HMS Centurion was attached upon completion to the 2nd Battle Squadron, led by sister-ship HMS King George V. She was present at the Battle of Jutland as part of the main body of Grand Fleet under the command of Captain Michael Culme-Seymour. She was third in line in the First Division of the Fleet behind HMS King George V and HMS Ajax.
After duty in the North Sea (where she was commanded for a time by Roger Keyes) she was sent to the Eastern Mediterranean in 1918 with HMS Superb to oversee the capitulation of the Ottoman Empire. In 1919 HMS Centurion was dispatched to the Black Sea in the Allied Intervention in the Russian Civil War.
With the signing of the Washington Naval Treaty HMS Centurion was decommissioned and made a target ship to replace HMS Agamemnon in 1924. She remained in this role at Portsmouth Harbour until April 1941, where she was fitted with a false superstructure so as to resemble the battleship HMS Anson then building at HM Dockyard, Portsmouth.

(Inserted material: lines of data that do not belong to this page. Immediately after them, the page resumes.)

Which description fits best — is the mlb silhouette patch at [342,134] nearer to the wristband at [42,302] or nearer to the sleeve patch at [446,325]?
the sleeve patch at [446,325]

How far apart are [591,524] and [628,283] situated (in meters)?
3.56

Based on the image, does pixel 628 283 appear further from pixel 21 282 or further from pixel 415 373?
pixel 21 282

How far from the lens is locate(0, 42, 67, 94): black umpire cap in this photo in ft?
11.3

She began her new career as a false battleship in Apr 1941 based out of Gibraltar. She made a troublesome voyage from Gibraltar to Port Said around the southern tip of Africa, then participated in Operation Vigorous, one of the Malta-bound convoys, in Jun 1942. She also spent time off Suez to provide additional anti-aircraft weaponry to British task forces. She left the Mediterranean Sea in Jan 1944 for a return trip to Britain, where she ran aground and required repairs.

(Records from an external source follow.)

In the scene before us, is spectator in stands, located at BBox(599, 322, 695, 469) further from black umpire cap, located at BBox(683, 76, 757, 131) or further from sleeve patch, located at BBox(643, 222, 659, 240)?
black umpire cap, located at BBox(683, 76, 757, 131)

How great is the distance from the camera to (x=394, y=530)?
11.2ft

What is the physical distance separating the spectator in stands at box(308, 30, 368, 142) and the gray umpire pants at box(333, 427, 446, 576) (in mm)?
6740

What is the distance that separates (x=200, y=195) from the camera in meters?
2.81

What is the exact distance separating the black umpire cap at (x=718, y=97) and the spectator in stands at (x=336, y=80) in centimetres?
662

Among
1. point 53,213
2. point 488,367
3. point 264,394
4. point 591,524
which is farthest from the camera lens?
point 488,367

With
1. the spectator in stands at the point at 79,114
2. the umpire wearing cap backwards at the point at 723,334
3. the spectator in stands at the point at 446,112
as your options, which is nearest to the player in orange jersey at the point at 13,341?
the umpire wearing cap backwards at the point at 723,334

On 4 April 1941, the Admiralty suggested that a heavy naval bombardment of the Libyan city of Tripoli should be made by the Mediterranean Fleet and followed up by blocking the port with a block ship, HMS Centurion. Admiral Andrew Cunningham declined the offer due to her slow speeds and heavy enemy air cover, so this idea was shelved.

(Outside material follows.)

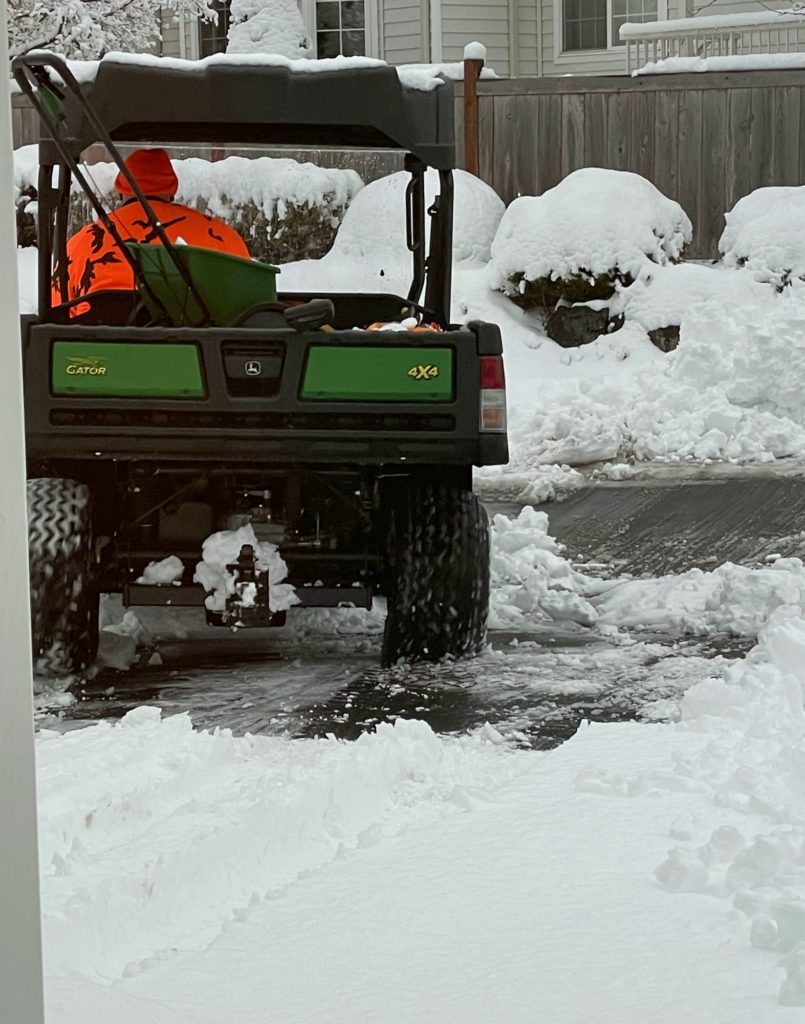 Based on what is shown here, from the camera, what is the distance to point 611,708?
16.1ft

In June 1942, she sailed with Operation Vigorous in the eastern Mediterranean to simulate an operational battleship. Between 1942 and 1944 HMS Centurion was stationed off Suez as an anti-aircraft ship and to give pause to Regia Marina action in the area—the Italians thought that her false wooden 13.5-inch guns were real and kept their super-dreadnoughts away. Her final act after a long and somewhat understated career was to be sunk as a breakwater off the Normandy beaches after D-Day. Reportedly the Germans thought that the old vessel had been sunk by shore batteries of the German 352nd Division with great loss of life when only 70 crewmen were observed leaving the sinking vessel; in fact the 70 men were the entire crew.
HMS CENTURION
Builder: HM Dockyard, Devonport
Laid down: 16 January 1911
Launched: 18 November 1911
Commissioned: May 1913
Decommissioned: 1924
Fate: 7 June 1944 Sunk as a Mulberry harbour blockship off Arromanches,
General characteristics
Displacement: 25,500 tons (25,900 tonnes)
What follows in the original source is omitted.